With three out of 10 children at that time affected by urinary tract malformations, an ultrasonographic screening of all apparently healthy family members was performed and additional abnormalities were detected in another child, namely child 5.
In child 5, a 10-year-old boy, an ultrasonographic diagnosis of a decompensated left-sided UPJO and of a duplicate pyelon on the left side was made. The left-sided UPJO was corrected surgically, where an AndersonHynes pyeloplasty was performed. Furthermore, a right-sided UPJO was found that required no surgical treatment.
Five days after birth, child 11, a girl, presented with signs and symptoms of a urinary tract infection. Ultrasonographically and in an IVU, right-sided hydronephrosis and a megaureter were seen and reflux was suspected. In a micturating cysturethrogram, these findings, including the suspected reflux, were confirmed. A follow-up ultrasound study 1 month later also revealed a beginning left-sided hydronephrosis and ureteral dilatation, which showed slow progression in further follow-up studies. These malformations were treated surgically at age 3 months (right side) and 26 months (left side) by an anti-reflux operation each.

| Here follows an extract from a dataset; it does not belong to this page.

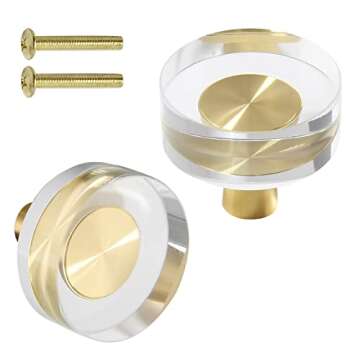 Uenhoy 6 Pack Glass Crystal Cabinet Knobs Round Drawer Knob Pulls Gold Crystal Knobs for Cabinets and Drawers - 1-1/4 Inch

In child 13, a girl, 5 days after birth a UPJO and a massive hydronephrosis on the right side were diagnosed. After immediate percutaneous drainage, this malformation was corrected surgically 1 month later with an AndersonHynes pyeloplasty. Furthermore, at 1 year of age, a UPJO on the left side was diagnosed by IVU. On follow-up, this anatomical defect resolved spontaneously and required no surgical intervention.

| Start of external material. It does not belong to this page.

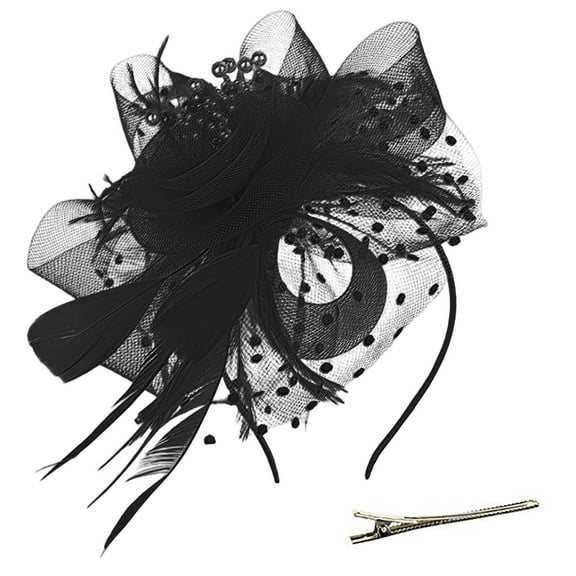 Baberdicy Hair Clips Hat for Women Feather Tea Party Bridal Wedding Cocktail Mesh Flower Headband Hair Clip Fascinators Hats for Women Black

In child 15, a girl, ultrasonographically at day 1 after birth, a massive left-sided hydronephrosis and a normal ureter was seen. Furthermore, in a micturating cysturethrogram and a magnetic resonance imaging urogram, a left-sided malrotation and a hydronephrosis with UPJO were documented. At the right urinary tract, ureteropelvic reflux and a Hutch diverticulum were seen. A left-sided AndersonHynes pyeloplasty was performed at age 2 months; the right-sided reflux did not require surgical treatment and ceased spontaneously.
In light of this broad spectrum of urinary tract malformations, it might be of interest that in at least 70 ultrasounds of the affected children no renal cysts were seen.
Unfortunately, no medical information is available about the parents, their siblings and their grandparents.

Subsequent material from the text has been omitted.